I guess either way (where ever the integration test is spun up), there might be some changes necessary in this repo too. But you are probably right that the tendermint repo should be the central place! I do not have a good overview on what's left to be done. I'd assume one could already spin up tendermint and a kms, establish a secret connection and send a message (like it is done here). Currently, only the "poison pill" message used in the linked test (still unknown to tendermint) should work though.

@thanethomson
Copy link
Contributor

Would it not be best to perhaps consider using an approach like what Pact provides, but for the Tendermint <-> KMS wire protocol? That way we can keep the repos separate and still provide full integration testing without needing a full Tendermint instance running when testing the KMS, and vice-versa when testing from Tendermint's side?

@tarcieri
Copy link
Contributor

I'm personally of the opinion that there is no substitute for a good full-system integration test.
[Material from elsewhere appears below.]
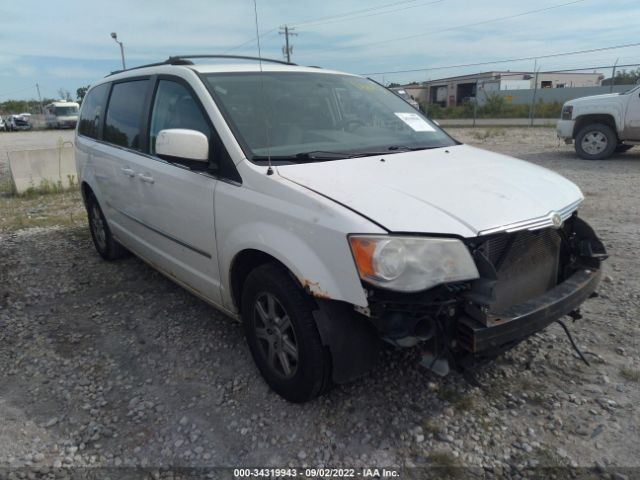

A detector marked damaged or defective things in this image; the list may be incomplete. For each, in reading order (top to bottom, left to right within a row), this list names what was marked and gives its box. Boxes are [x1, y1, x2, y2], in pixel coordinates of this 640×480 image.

exposed headlight [560, 105, 576, 121]
exposed headlight [348, 235, 478, 292]
damaged front bumper [460, 266, 600, 352]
Specifically I'm interested in interoperability testing between KMS and gaiad. They contain (quite deliberately) two different implementations of Amino, serialized messages thereof, and consensus logic.

The failure modes are subtle, for example, I just experienced a signature verification failure error in gaiad arising from a chain ID mismatch with KMS. Something I'd like to accomplish in a non-production environment is observing these sorts of errors in practice and improving the associated error messages to assist with debugging.

Lastly I'd like a way to smoke test all components before they hit staging/production.

@thanethomson
Copy link
Contributor

Makes sense. How would one go about integrating KMS into Tendermint (and/or vice-versa?) during automated testing?

For example, for KMS integration testing, would we download a Tendermint private validator binary from somewhere during testing? (And vice-versa from the Tendermint side)

Or would we go with some kind of FFI-like approach?

@tarcieri
Copy link
Contributor

tarcieri commented Jan 14, 2019

I'm not really familiar with what already exists on the tendermint/gaiad side of things. Is there something that exists which KMS could be added to?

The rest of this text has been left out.